I can imagine that if your students are eventually achieving 90 points or better on their exams, that their overall grades in the course were pretty good at the end.

Eden Tanner 29:05
Yeah, they sure were.

Derek Bruff 29:08
Have you had to deal with any criticism about, you know, a grade distribution that may not be typical of an entry level chemistry course? 

Eden Tanner 29:19
That's a great question. Not yet, but I think I will when we come to kind of talking about how everything went and I'm pre tenure. So certainly in my next annual evaluation, I'll have to defend these choices to my colleagues. 

Derek Bruff 29:32
Yeah. 

Eden Tanner 29:33
Ultimately, I actually think this grading is more rigorous and more strenuous than any of the other sections because you legitimately cannot get an A unless you have shown mastery. And one way that this is kind of helped is that the final, there's no like weighting of everything, right? So you have to you have to show minimum mastery to a certain level to get an A. And the final, of course, is much like running a marathon. You only get one go a year, right? You don't get to rerun the Boston Marathon after you've had your go. That's just the score that you get. And either you kind of, you know, you medal or you finish. I'm like, there's no redos of the marathon. So there is this minimum standard that the students have to meet on the standardized final to get the grade that they earned.  

Derek Bruff 30:24
So if they like if they bomb the final but did great on everything else that you've you've set it up so they couldn't get an A.

Eden Tanner 30:31
That's right.  They won't fail if they bomb the final and they do absolutely everything else, they'll get a C okay. They pass the course. They've shown proficiency but ultimately when it came down to it like they did, they weren't able to show mastery on the final. And so they got a C. And I will say that the grade distribution was pretty heavily weighted towards A's and B's, which probably doesn't surprise you, but I only had, I think three C's out of 170. So there were very few people who did fail.
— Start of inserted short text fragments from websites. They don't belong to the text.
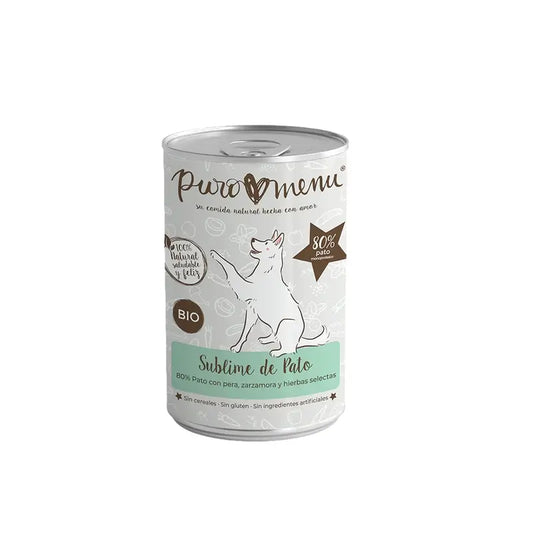 Puromenu Sublime Bio Ente , 6x400 Gramm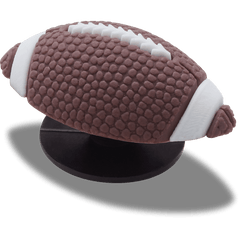 Textured Football Jibbitz™ charms for Women|Men|Jibbitz™ Charms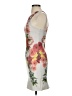 Forever 21 Graphic White Cocktail Dress Size S - photo 5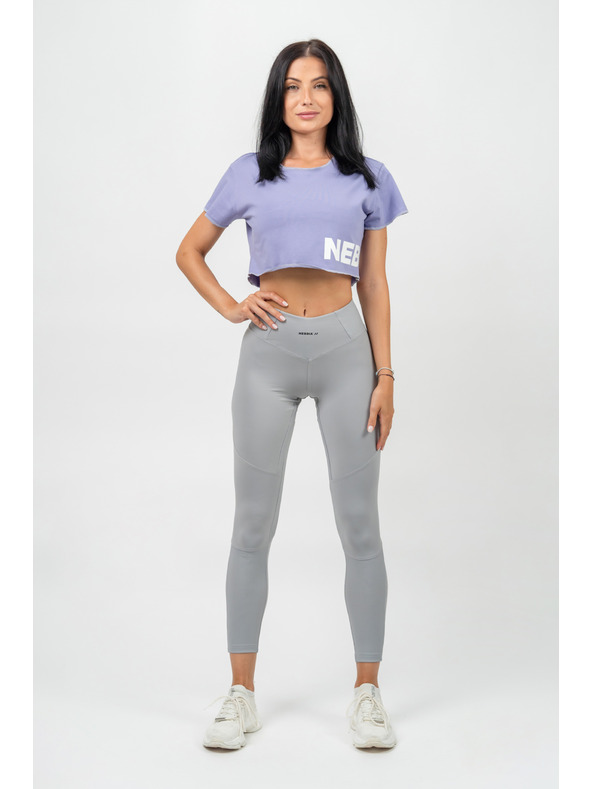 Nebbia Crop top tričko POWERHOUSE 279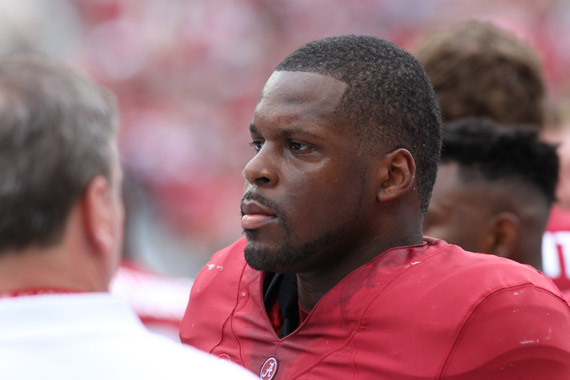 Alabama Football's Reggie Ragland Named To The 2015 SEC Football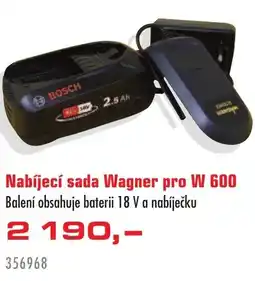 Uni Hobby Nabíjecí sada Wagner pro W 600 nabídka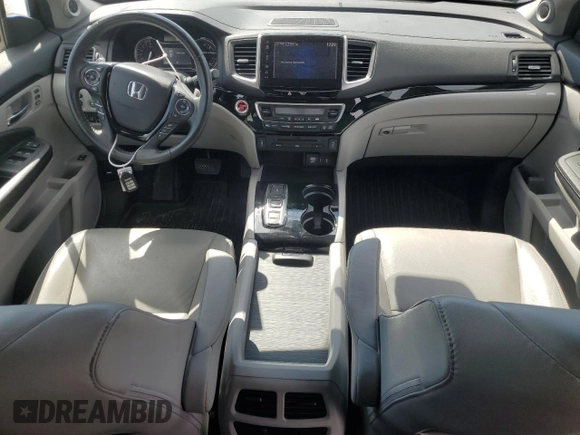 2017 Honda Pilot Touring with VIN 5FNYF6H91HB015580, listed as a Copart auction lot 47575165 with 78,665 mi miles and Clean Title. Bid and sale history available at carsss.com. Image 8.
They were very sad and I was also very sad. And and I had a lot of... because I was transparent with them about what their scores were, right, because they're adults and they deserved to know how they did. And I had a lot of really hard conversations where students were like, but I tried really hard and I had an A going in. Like, how am I walking away with a C? And I had to explain difficultly, Like, I'm really sorry everybody had basically an A going in. Because all of you worked so hard, you worked so hard, but like, I can't... and this is part of the reason why I hate grades in general, right? Because I don't want to have to give them a grade based on this. But this is... my hands are kind of tied here, Right? So it's like you did not show me the level of mastery that you needed to show me for me to be able assign a B or an A. 

And those were hard conversations. And I will say that that was the biggest kind of complaint about the mastery grading that I got was that students wanted the final to be able to be reattempted. And it was a huge shock to the system when all of a sudden it's like, What do you mean, what do you mean? I get one attempt at this and this this one hour period, two hour period determines my fate? Like, that's never been how we've done anything in this course, right? 

Derek Bruff 32:24
Right. Because you said by the time the third or fourth exam rolled around, they had acclimated and they they treated those exams as like practice exams. 

Eden Tanner 32:32
Exactly. 

Derek Bruff 32:33
Yeah. 

Eden Tanner 32:34
And mind you, I was, I was very transparent from the beginning. Like we are training for the final. You get one go at the final, there will be minimum cut off like this is how it's going to work. I'm not going to curve anything. There are just minimum standards that you have to meet. You're not competing with each other. You're competing with mastery of the material. So it wasn't like a surprise. Like surprise, We have this cumulative exam, you have one go at it! But when it became reality, they were all like, This sucks. I don't want to do this. But because of that, I think that is what is going to kind of protect me, if you like, from any potential criticisms that I'm just giving everybody and A and we're all just having like a fun time and we're all just hugging. And that's like what the chemistry looks like, Right? Right. Because this is like... it's they have to show proficiency. 

Derek Bruff 33:22
Yeah. Yeah. On a nationally standardized exam, right? It's not even that you wrote the exam to make it somehow a softball for your students. 

Eden Tanner 33:31
I mean, I would give, you know, and I stand by this. I would give every single student in my class and an A if they earned it, there's no... it's not arbitrary. Like, did you master the content? Yes. You get an A. 

Derek Bruff 33:43
It would be arbitrary to just fail some students because you have to fail some students, right. If they all mastered the material. 

Eden Tanner 33:49
Yeah. Like I'm not interested in having a distribution. Right. Like, and maybe this is what this is where I differ. Like, if, if you earned this, then you earned it. And I don't care if all 170 other people earned it, too, it doesn't diminish your accomplishments. 

Derek Bruff 34:03
Yeah. 

Eden Tanner 34:03
You're not competing with each other. 

Derek Bruff 34:05
What advice would you give to other instructors who are interested in moving in this kind of direction with their courses? 

Eden Tanner 34:14
Yeah, I would say to think about ways to give students opportunities to grow and to show that they have grown. 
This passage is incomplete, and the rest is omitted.